The scheme worked for a while, but then Klonsky rounded on Margaret one day. Why can’t you show a little imagination? he said. It’s always the same thing with you—a container of milk, a loaf of bread, a bottle of shampoo, stamps. Surely there’s more than that to the life of a young woman in a great city like New York. Why, you don’t even write letters—what do you need with stamps?
In Delmore’s version, the story, punctuated by giggles, went on for fifteen minutes. His mind tossed off details like a dog shaking off drops of water. The toilet was badly situated; it jutted into the living room like a corner fireplace. It had a perforated door, like a rattan chair. A perforated door!
&n
bsp; Except for three or four short stories and a handful of poems, I never thought that Delmore’s work was as interesting as his talk. When I knew him, he had already written his best things and most of his talent went into talking. Slander was his genius. Yet his slanders were as lyrical as his best poems. He loved slander as you love the poems and stories you can’t write.
Klonsky was already a rich character, but Delmore embellished him. Klonsky had all the personal peculiarities of a very good writer and Delmore exaggerated these to the point where Klonsky took on the behaviorial tics of a bad writer. In Delmore’s version of him, Klonsky invariably went too far; he overshot the truth and spilled into obsession.
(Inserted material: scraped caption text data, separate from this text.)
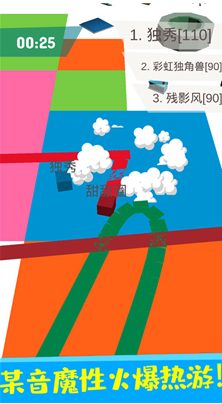 纸片大作战内置菜单版图5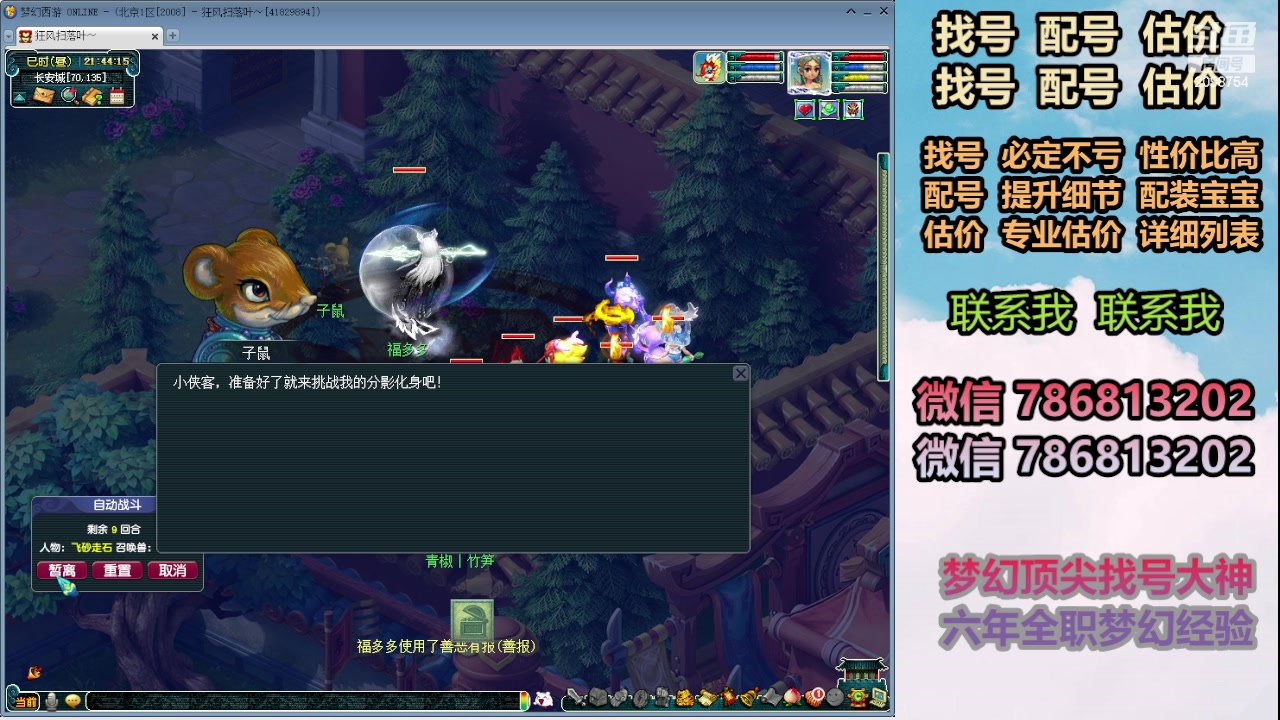 【2024-01-30 21点场】来自1995：找号主播。估号配号就是专业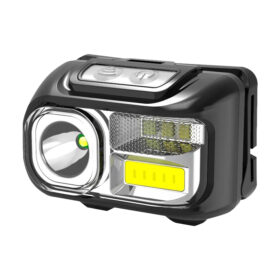 CY-2089 LEDLİ ŞARJLI KAFA LAMBASI FENERİ (4172)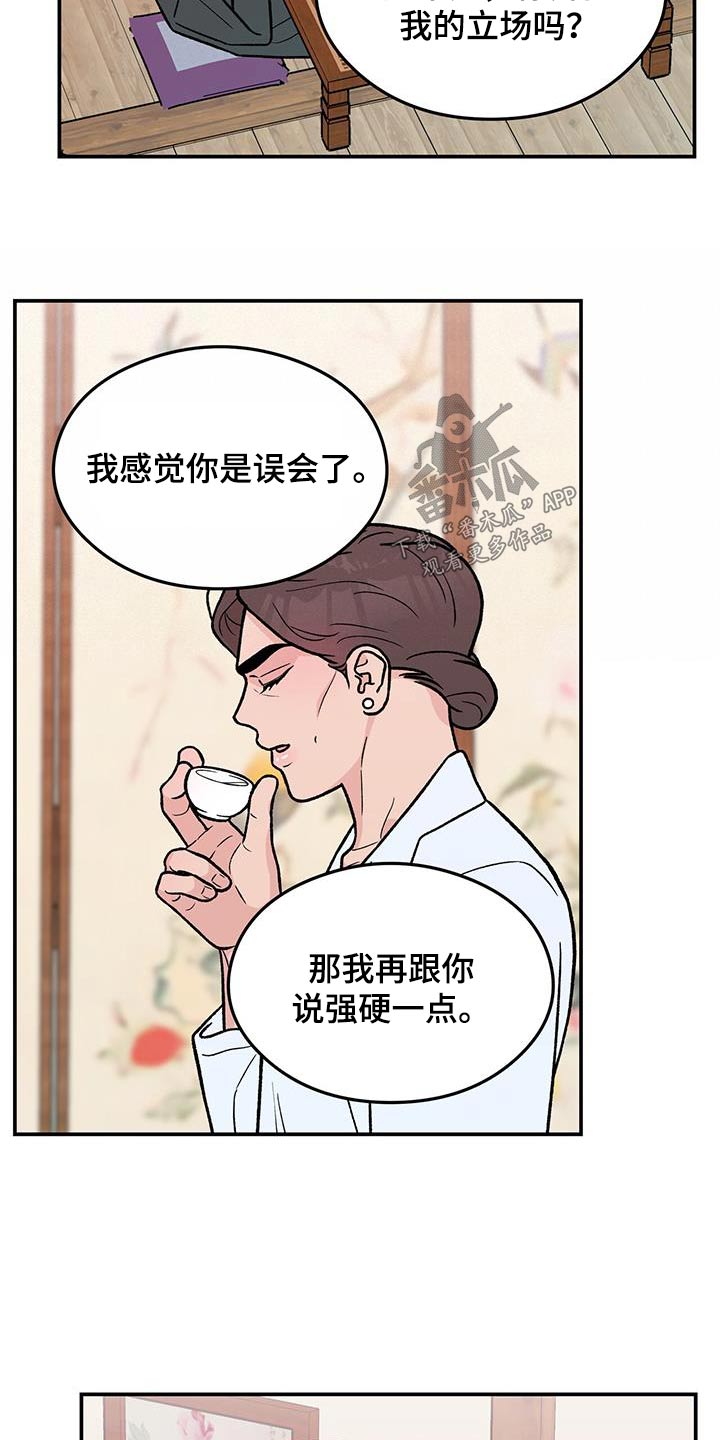 第182章：【第三季】录音5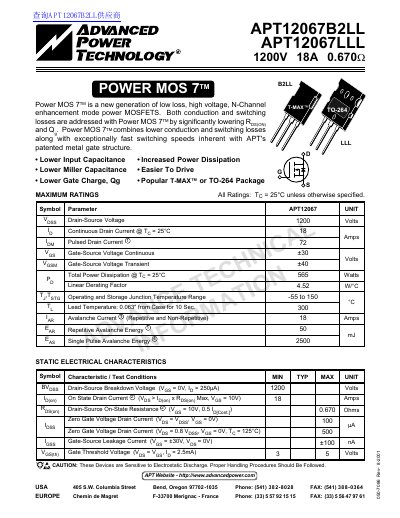 ADVANCED POWER TECHNOLOGY APT12067B2LL APT12067LLL 1200V 18A 0.670W handbook - cover page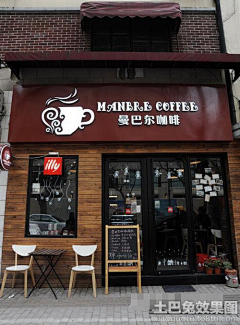 蜗牛彩虹采集到小店铺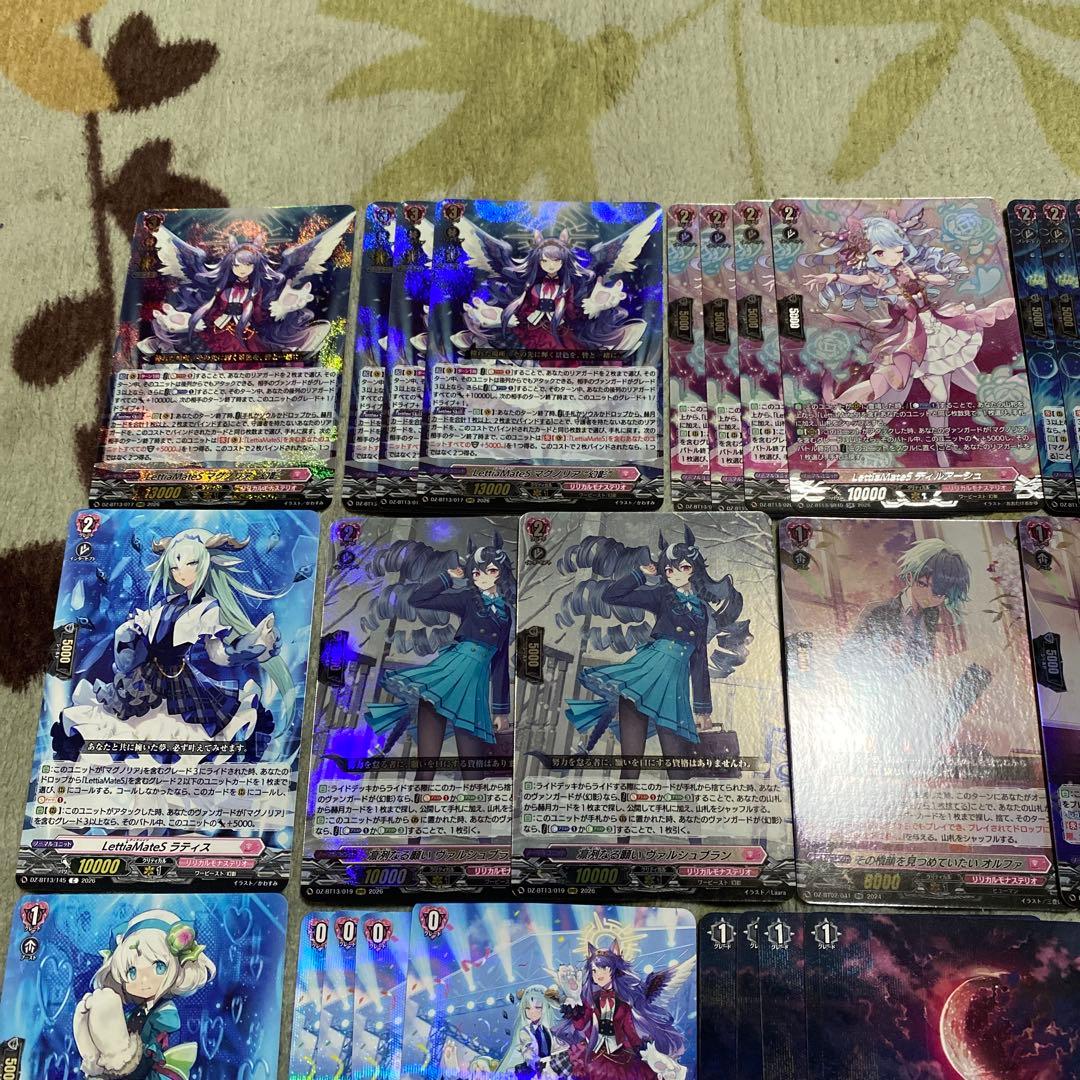 ヴァンガード マグノリア幻影 デッキ オルファ ヴァルシュブラン RRR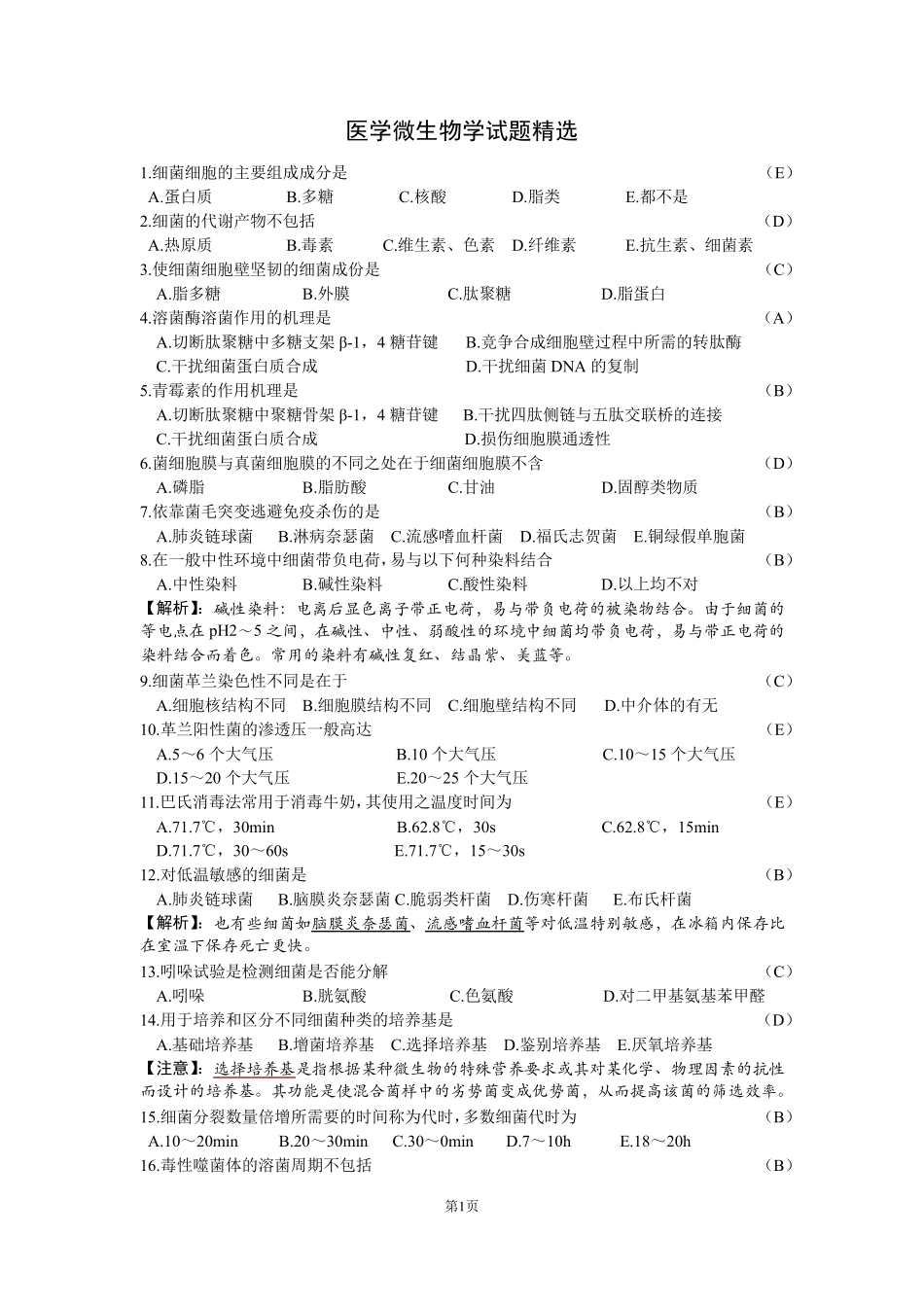 上海交通大学医学微生物学题库_第1页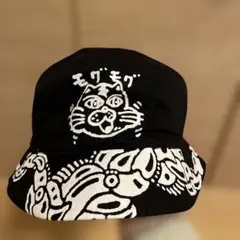 バケットハット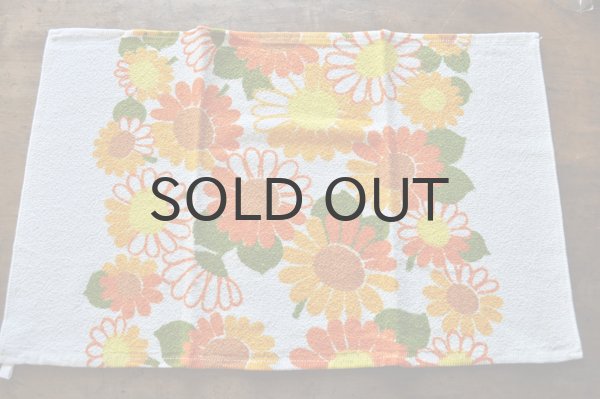 画像2: ドイツ・東ドイツ ヴィンテージ デッドストックタオル/VEBFROTTANA/オレンジ花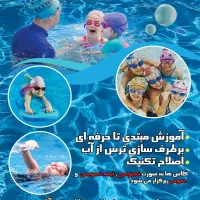 اموزش شنا/ورزش و سلامتی رو به خودتون هدیه بدید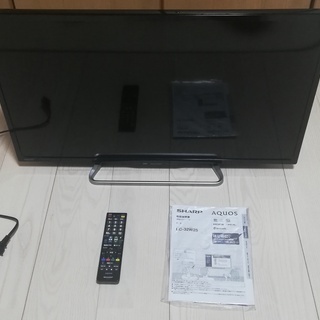 SHARP シャープ LC-32W25 32型 液晶テレビ 2016年製 www.thebrewbarn ...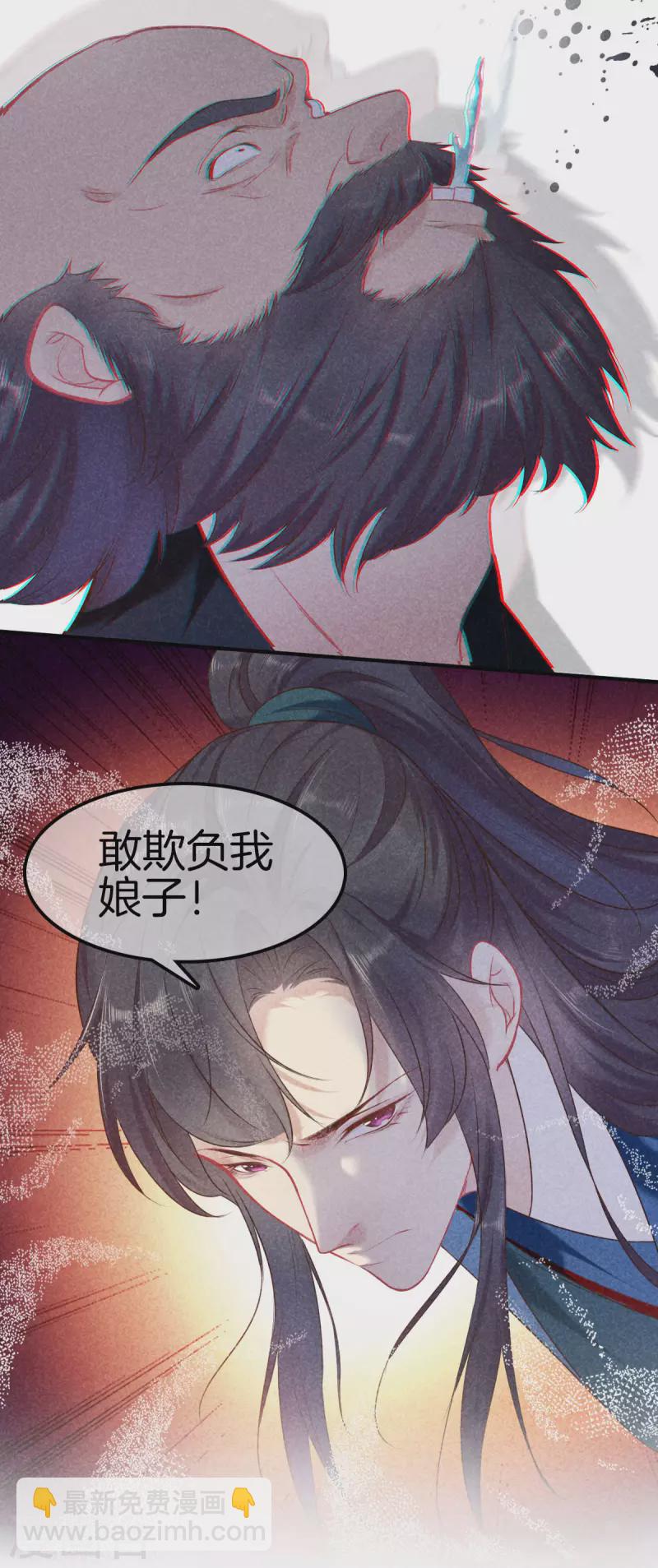 第119话 救命之恩-第119话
He was like a story whose images are too heavy, whose metaphors are too self-conscious, whose language is strained, and whose technique is outmoded.
When Delmore described anyone, they regressed; they lost their saving graces, their scruples and hesitations. He made everyone Dostoyevskian—but in an anachronistic twentieth-century setting. His favorite trick was to take away their irony and leave them exposed. He was like the grammar-school bully who rips open your fly buttons.
I almost wished that Klonsky would do all the things Delmore described, that he would get them off his chest. Delmore’s malice was so brilliant, so unerring, it exalted Klonsky; it freed him to be terrible. It was Delmore who helped me to understand what I came to think of as the malice of modern art.
Meanwhile, as we walked, the city passed unnoticed. Like Samuel Johnson, whom he resembled in many ways, Delmore was not interested in prospects, views, or landscape. He had looked at the city when he was young and saw no need to do it again. He had looked at it in much the same way that he had read John Dos Passos or James T. Farrell.
At Brooks Brothers, we went up to the sixth floor, to the less expensive suits. As we waited for the elevator, with Delmore fidgeting beside me, I was reminded of Dostoyevski’s Underground Man, who bought new gloves, a new hat, and a fur collar for his coat—all for the purpose of colliding with an officer on the boulevard where he went for a walk each Sunday. When he met the officer in the crowded street, it was always he who had to give way, and now he was determined to throw himself against this haughty creature. But first his clothes must be equal to the occasion.